Why not try even more? Superhero office comedies? Superhero locked-room mysteries? Superhero noir films? Superhero historical dramas? Superhero heist films? Anything to make them less like cop movies.

The secret is to love both genres. Logan works so well because director James Mangold loved the X-Men comics and Westerns enough to feature both: The comics are introduced as a real-world element in the film and the characters watch Shane on a hotel television. Meanwhile, the creators of My Super Ex-Girlfriend seem to hold both genres in contempt, despite the screenwriter going on to write three superhero films. Josh Boone, the director of The New Mutants, and screenwriter Knate Lee supposedly had asked to make a horror film by pitching a notebook full of imagery from Mr. Sienkiewicz’s acclaimed “Demon Bear” storyline for a potential trilogy.

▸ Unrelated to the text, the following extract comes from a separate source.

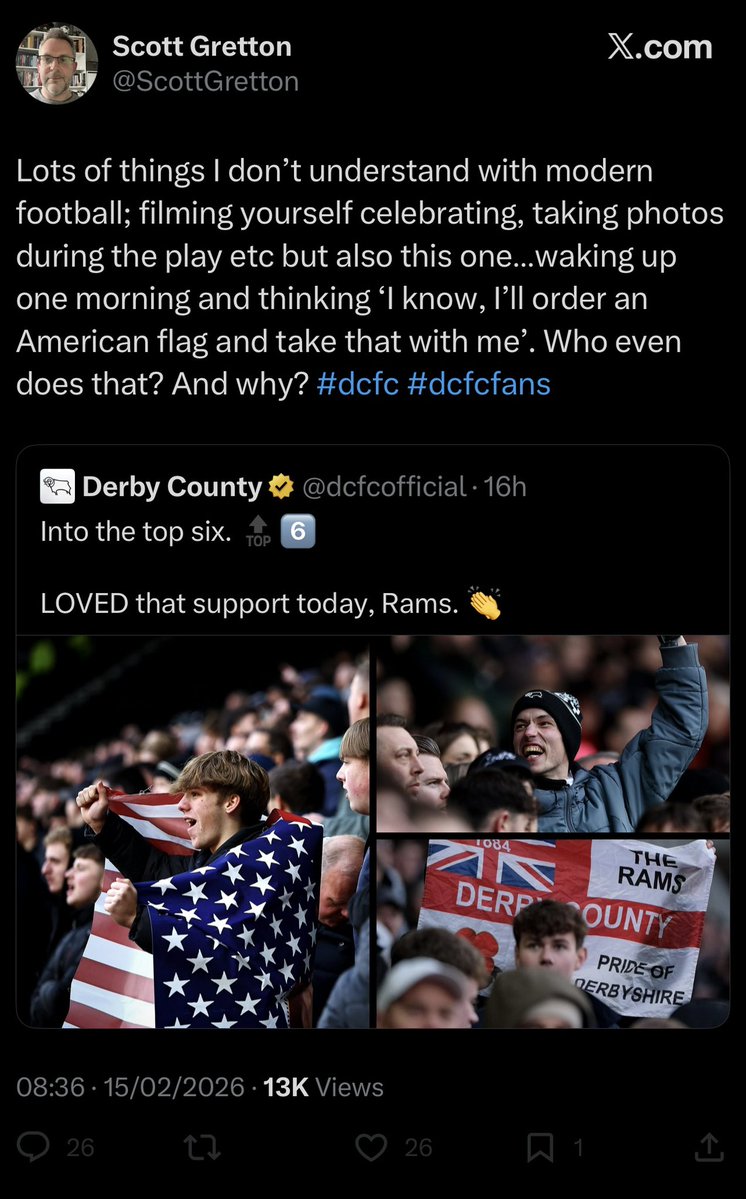 Pride Park late 90s would’ve really rattled him. Croatian, Italian, Jamaican, Danish and many more flags on display every week 

There’s absolutely nothing ‘modern football’ about national flags in support of international players wearing the black &amp; white #DCFC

Can you imagine what a movie featuring stuff like this would have looked like? (From The New Mutants #20. Art by Bill Sienkiewicz, written by Chris Claremont, colored by Glynis Wein, and lettered by Tom Orzechowski)

And, anyway, that first trailer looked awesome! That graveyard shot, the unnerving use of Pink Floyd, the unsettling imagery… It was one of the best trailers of 2018.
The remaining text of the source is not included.